Подгоняющий копачей старый крестьянин говорит, что до ночлега еще далеко. Ночлег – это место, где ложатся ночью: составитель словаря XIX века В. И. Даль начинает свое толкование этого слова с примеров, в которых ночь проводят «в поле, в лесу», и только потом перечисляет «двор или дом» как места, где можно заночевать [Даль 1979, 2: 557]. Иными словами, наличие убежища в виде каких-то элементов или как целостной структуры не подразумевается. Можно лечь отдохнуть без какой-либо крыши над головой или укрытия от дождя и бури. Главная характеристика этого понятия – прекращение движения, отдых, а не приют или отмежевание от большого, чуждого человеку мира [Даль 1979, 2: 557]. Мартин Хайдеггер увязывает понятие пристанища со строением, а тургеневский сюжет и само понятие ночлега уводят нас в сторону более незащищенного, опасного взаимодействия и отдыха перед лицом, или в окружении, дикой природы, предстающей обителью как красоты, так и безразличия[29 - «Мы обретаем жилища только путем постройки их» [Heidegger 1971: 145].Джонатан Бейт обсуждает проблематику «жилища» у Хайдеггера и некоторых поэтов XX века (особенно у Пауля Целана и Эдварда Томаса), а также его хижину в Шварцвальде (название переводится с немецкого как «черный лес»), которую Хайдеггер считал архетипическим жилищем [Bate 2000: 268–283]. См. также главу «Dwelling» в [Harrison 1992: 197–243].].

Главенствующее мировоззрение и угол восприятия в рассказе принадлежат помещику-охотнику: это он вспоминает, как видел «крупный сосновый лес» с берегов болотистой Рессеты, это он чувствует себя отвергнутым безразличной Изидой. Его мучительное осознание своего неприятия природой является доминантной эмоциональной составляющей зачина и возвращается к герою время от времени по ходу поездки. Но он не просто трепещущий скиталец. Наряду с проявлениями крайней субъективности, он обнаруживает способность к описанию мира языком, порой невероятно соответствующим атмосфере и гибким.
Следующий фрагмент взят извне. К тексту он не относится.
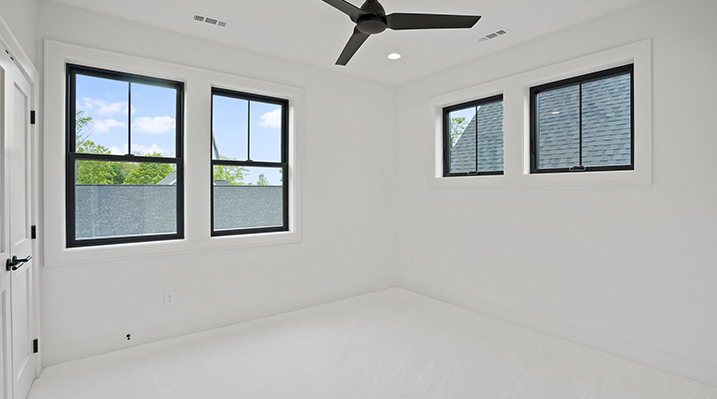 ICH Builders Canal Winchester Ohio residence custom build another smaller corner bedroom with white walls with 2 windows on each wall and a hanging 3 blade modern black ceiling fan above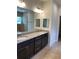 Double vanity bathroom with granite countertops and dark cabinets at 3481 Nashville Rd, North Port, FL 34288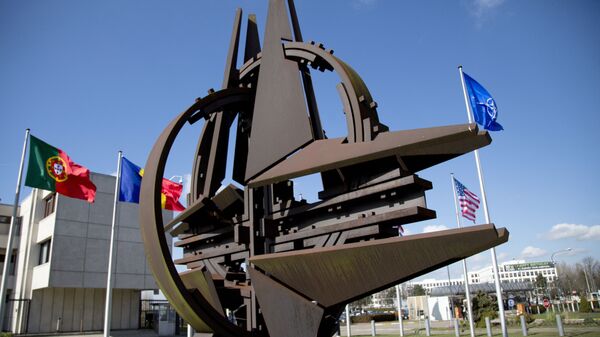 El símbolo de la OTAN y las banderas de Estados que forman parte del bloque militar. - Sputnik Mundo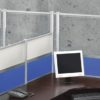 Wide shot of tall Border (model) screens lining the back and sides of two L-shaped desks. Each screen uses clear acrylic, and has a small spacer in between. Two shorter screens divide the desks on the side, with the top panels using frosted acrylic. Each desk has a computer monitor, with a phone at the side.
В некоторые моменты рассказчик звучит совсем как натуралист или хотя бы как обитатель леса или любитель прогулок – как при передаче восприятия вида, звучания, запаха полуденного леса:

Зеленоватый мох, весь усеянный мертвыми иглами, покрывал землю; голубика росла сплошными кустами; крепкий запах ее ягод, подобный запаху выхухоли, стеснял дыхание. Солнце не могло пробиться сквозь высокий намет сосновых ветвей; но в лесу было все-таки-душно и не темно; как крупные капли пота, выступала и тихо ползла вниз тяжелая прозрачная смола по грубой коре деревьев. Неподвижный воздух без тени и без света жег лицо. Всё молчало; даже шагов наших не было слышно; мы шли по мху, как по ковру; особенно Егор двигался бесшумно, словно тень; под его ногами даже хворостинка не трещала [Тургенев 1960-1968а, 7: 58].